The 89-acre property was held open to the public for many decades, for a small fee.  Silicon Valley billionaire Vinod Khosla eventually purchased the property in 2008.  The business was operated at a loss however, and a year later Khosla decided to permanently close and lock a gate to the public, add signs to the gate, change the messages on a billboard on nearby Highway 1, and hire security guards to deter the public from crossing or using the property to access the beach.

Khosla’s actions triggered numerous lawsuits addressing the extent to which the public had a right to access the Martin’s Beach.  In 2013, the Surfrider Foundation argued that Khosla should have obtained a Coastal Development Permit before reducing the public’s access to the ocean.  In particular, Surfrider alleged that Khosla had caused a “change of the intensity of use” of the coastline under the California Coastal Act.

The San Mateo Superior Court agreed and ruled, in 2014, that Khosla was required to “cease preventing the public from accessing and using the water” unless and until a CDP is obtained. California’s First District Court of appeal affirmed, holding that requiring Khosla to allow public access to the beach was not an unconstitutional “taking” of his property, for which he should be compensated, because the access requirement was not necessarily permanent.  Surfrider Foundation v. Martins Beach 1, LLC, 14 Cal.App.5th 238 (2017).  We wrote about that decision.

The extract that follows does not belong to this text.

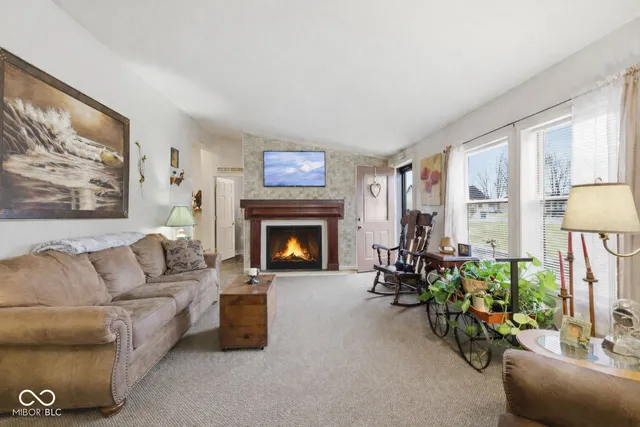 $309,990 | 52 Victory Hill Drive, Coatesville, IN 46121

After the California Supreme Court declined to hear the case, Khosla petitioned the U.S. Supreme Court to decide whether a compulsory public-access easement of indefinite duration is a per se physical taking and whether applying the Coastal Act to require a private landowner to apply for a permit before excluding the public constitutes a taking.

The U.S. Supreme Court’s decision not to hear the case ends this particular chapter in the litigation.  Many are declaring the outcome a victory for the Coastal Act.  Given that the Act was not in fact litigated in the nation’s highest court, however, I am not so sure the Court’s decision is any particular victory for the law itself.  The Court’s decision may be a function of the question whether the case was “ripe” for review because Khosla has yet to seek a CDP to reduce the public’s access to Martin’s Beach.

Moreover, because Khosla retains the right to seek to “change the intensity of use” of Martin’s Beach, it seems virtually certain the determined Khosla will apply for a CDP.  While Khosla will be required to allow public access until he applies for and obtains a permit to change access, the ultimate future of Martin’s Beach has yet to be finally settled.